Task objective :: In the records below, find the line holding "Protetika Brendon black – Hledejceny.cz" and the line holding "Ноутбук Acer TravelMate". Set down both, with every line between them, exactly.

Material for the task ::
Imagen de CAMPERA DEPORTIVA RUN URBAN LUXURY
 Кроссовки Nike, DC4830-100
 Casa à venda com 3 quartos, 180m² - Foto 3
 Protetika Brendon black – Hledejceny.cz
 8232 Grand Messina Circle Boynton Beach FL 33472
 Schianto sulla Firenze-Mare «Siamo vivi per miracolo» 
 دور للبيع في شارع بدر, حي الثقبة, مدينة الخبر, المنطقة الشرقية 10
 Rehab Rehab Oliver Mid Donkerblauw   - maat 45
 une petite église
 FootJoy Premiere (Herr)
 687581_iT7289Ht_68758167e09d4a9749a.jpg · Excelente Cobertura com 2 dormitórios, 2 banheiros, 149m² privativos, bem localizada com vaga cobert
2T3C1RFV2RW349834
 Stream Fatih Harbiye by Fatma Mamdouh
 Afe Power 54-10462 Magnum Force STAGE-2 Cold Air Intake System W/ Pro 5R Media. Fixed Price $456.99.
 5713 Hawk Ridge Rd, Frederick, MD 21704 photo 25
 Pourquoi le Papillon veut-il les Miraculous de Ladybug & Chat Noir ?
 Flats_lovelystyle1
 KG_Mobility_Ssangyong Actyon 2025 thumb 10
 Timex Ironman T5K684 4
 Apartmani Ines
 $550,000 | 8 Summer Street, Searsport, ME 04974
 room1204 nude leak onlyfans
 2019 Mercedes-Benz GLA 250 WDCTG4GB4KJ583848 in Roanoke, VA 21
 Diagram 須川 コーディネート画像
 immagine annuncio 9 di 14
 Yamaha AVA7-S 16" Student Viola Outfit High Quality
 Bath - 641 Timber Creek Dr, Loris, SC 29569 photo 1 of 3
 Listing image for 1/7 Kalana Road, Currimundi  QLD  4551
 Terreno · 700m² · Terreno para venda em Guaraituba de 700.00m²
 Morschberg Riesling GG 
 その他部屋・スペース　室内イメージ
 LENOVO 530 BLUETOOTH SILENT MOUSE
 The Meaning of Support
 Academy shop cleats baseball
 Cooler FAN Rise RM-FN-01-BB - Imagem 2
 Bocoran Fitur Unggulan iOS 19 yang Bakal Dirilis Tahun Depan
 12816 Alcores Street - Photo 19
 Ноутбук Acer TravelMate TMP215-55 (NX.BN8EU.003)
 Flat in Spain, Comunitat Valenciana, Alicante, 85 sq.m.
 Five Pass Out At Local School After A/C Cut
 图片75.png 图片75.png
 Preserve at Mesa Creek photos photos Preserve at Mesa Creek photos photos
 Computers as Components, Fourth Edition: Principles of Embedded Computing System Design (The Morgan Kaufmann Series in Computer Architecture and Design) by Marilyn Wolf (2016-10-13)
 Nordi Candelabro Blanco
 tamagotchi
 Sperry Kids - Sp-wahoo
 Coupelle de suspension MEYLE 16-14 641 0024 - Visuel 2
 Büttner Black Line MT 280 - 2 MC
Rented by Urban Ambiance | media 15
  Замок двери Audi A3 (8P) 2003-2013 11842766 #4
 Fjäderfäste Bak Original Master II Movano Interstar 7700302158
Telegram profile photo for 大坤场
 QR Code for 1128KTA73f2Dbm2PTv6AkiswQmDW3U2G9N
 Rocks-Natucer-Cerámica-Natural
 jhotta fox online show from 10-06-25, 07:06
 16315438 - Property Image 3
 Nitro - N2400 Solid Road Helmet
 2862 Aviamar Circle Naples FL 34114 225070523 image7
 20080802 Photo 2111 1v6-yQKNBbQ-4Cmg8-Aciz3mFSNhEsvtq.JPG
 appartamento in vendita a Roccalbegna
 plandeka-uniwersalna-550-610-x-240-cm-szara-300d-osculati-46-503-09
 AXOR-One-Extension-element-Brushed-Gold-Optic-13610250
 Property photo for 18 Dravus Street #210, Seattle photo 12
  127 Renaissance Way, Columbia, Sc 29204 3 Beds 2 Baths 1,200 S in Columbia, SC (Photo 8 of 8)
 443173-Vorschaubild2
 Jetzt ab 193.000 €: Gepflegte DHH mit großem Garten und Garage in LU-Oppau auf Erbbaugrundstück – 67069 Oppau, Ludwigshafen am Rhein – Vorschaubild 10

Written answer ::
 Protetika Brendon black – Hledejceny.cz
 8232 Grand Messina Circle Boynton Beach FL 33472
 Schianto sulla Firenze-Mare «Siamo vivi per miracolo» 
 دور للبيع في شارع بدر, حي الثقبة, مدينة الخبر, المنطقة الشرقية 10
 Rehab Rehab Oliver Mid Donkerblauw   - maat 45
 une petite église
 FootJoy Premiere (Herr)
 687581_iT7289Ht_68758167e09d4a9749a.jpg · Excelente Cobertura com 2 dormitórios, 2 banheiros, 149m² privativos, bem localizada com vaga cobert
2T3C1RFV2RW349834
 Stream Fatih Harbiye by Fatma Mamdouh
 Afe Power 54-10462 Magnum Force STAGE-2 Cold Air Intake System W/ Pro 5R Media. Fixed Price $456.99.
 5713 Hawk Ridge Rd, Frederick, MD 21704 photo 25
 Pourquoi le Papillon veut-il les Miraculous de Ladybug & Chat Noir ?
 Flats_lovelystyle1
 KG_Mobility_Ssangyong Actyon 2025 thumb 10
 Timex Ironman T5K684 4
 Apartmani Ines
 $550,000 | 8 Summer Street, Searsport, ME 04974
 room1204 nude leak onlyfans
 2019 Mercedes-Benz GLA 250 WDCTG4GB4KJ583848 in Roanoke, VA 21
 Diagram 須川 コーディネート画像
 immagine annuncio 9 di 14
 Yamaha AVA7-S 16" Student Viola Outfit High Quality
 Bath - 641 Timber Creek Dr, Loris, SC 29569 photo 1 of 3
 Listing image for 1/7 Kalana Road, Currimundi  QLD  4551
 Terreno · 700m² · Terreno para venda em Guaraituba de 700.00m²
 Morschberg Riesling GG 
 その他部屋・スペース　室内イメージ
 LENOVO 530 BLUETOOTH SILENT MOUSE
 The Meaning of Support
 Academy shop cleats baseball
 Cooler FAN Rise RM-FN-01-BB - Imagem 2
 Bocoran Fitur Unggulan iOS 19 yang Bakal Dirilis Tahun Depan
 12816 Alcores Street - Photo 19
 Ноутбук Acer TravelMate TMP215-55 (NX.BN8EU.003)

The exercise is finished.